Aku bingung, tunjukkan kepadaku, sayang,
Mana bayiku, tersesat setelah salaf hilang”

Mu’âwiyah bin Abu Sufyan, disebut sebagai fi’ah al-baghiah atau kelompok pembangkang (bughot) oleh Sunnî maupun Syî’î, karena ia memerangi Imâm Alî yang telah dibaiat secara sah oleh kaum Anshâr dan Muhâjirîn. Hanya sekitar enam orang yang tidak membaiat Alî tetapi Alî membiarkan mereka. Di antara yang tidak membaiat Alî bin Abî Thâlib adalah Abdullâh bin Umar dan Sa’d bin Abî Waqqâsh.

Mu’âwiyah memberontak terhadap Alî. Sejak Utsmân meninggal tahun 35 H, 656 M. Mu’âwiyah melakukan tiga cara untuk melawan Alî bin Abî Thâlib:

[1] Melakukan pembersihan etnik terhadap Syî’ah Alî dengan melakukan jenayah (invasi pembantaian) ke wilayah Alî. Pembunuhan terhadap Syî’ah Alî dilakukan terhadap lelaki maupun anak-anak. Perempuan dijadikan budak. Menyuruh seseorang melaknat Alî, dan bila ia menolak langsung dibunuh.
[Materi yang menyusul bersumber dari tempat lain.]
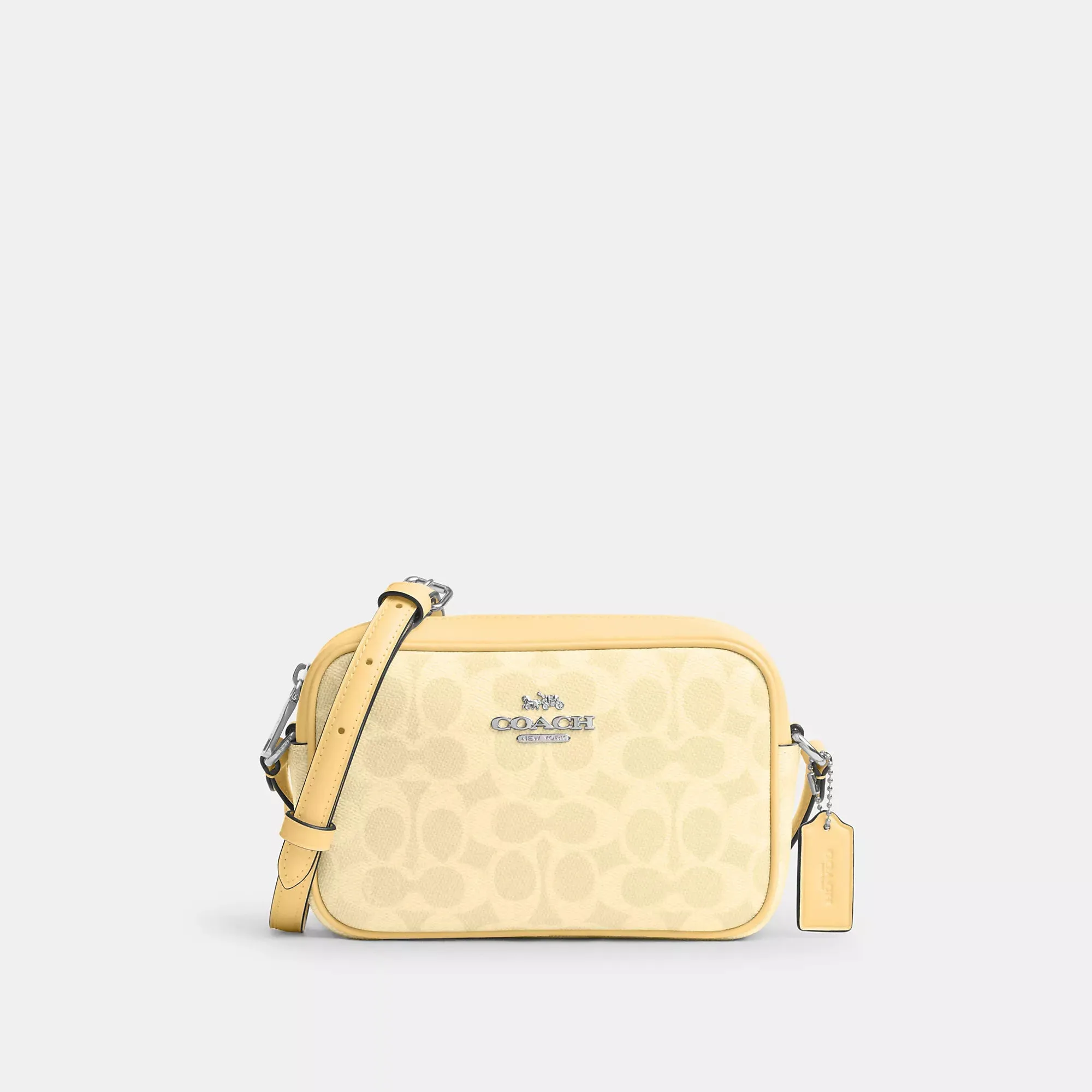 Coach Outlet Mini Jamie Camera Bag In Signature Canvas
[2] Melaknat Alî dalam khotbah-khotbah Jum’at, Idul-Fithri dan Idul-Adha di seluruh negara. Juga pada musim haji di Makkah.

[3] Membuat hadis-hadis palsu untuk menurunkan martabat Alî serendah-rendahnya dan membesarkan dirinya serta ketiga khalîfah awal.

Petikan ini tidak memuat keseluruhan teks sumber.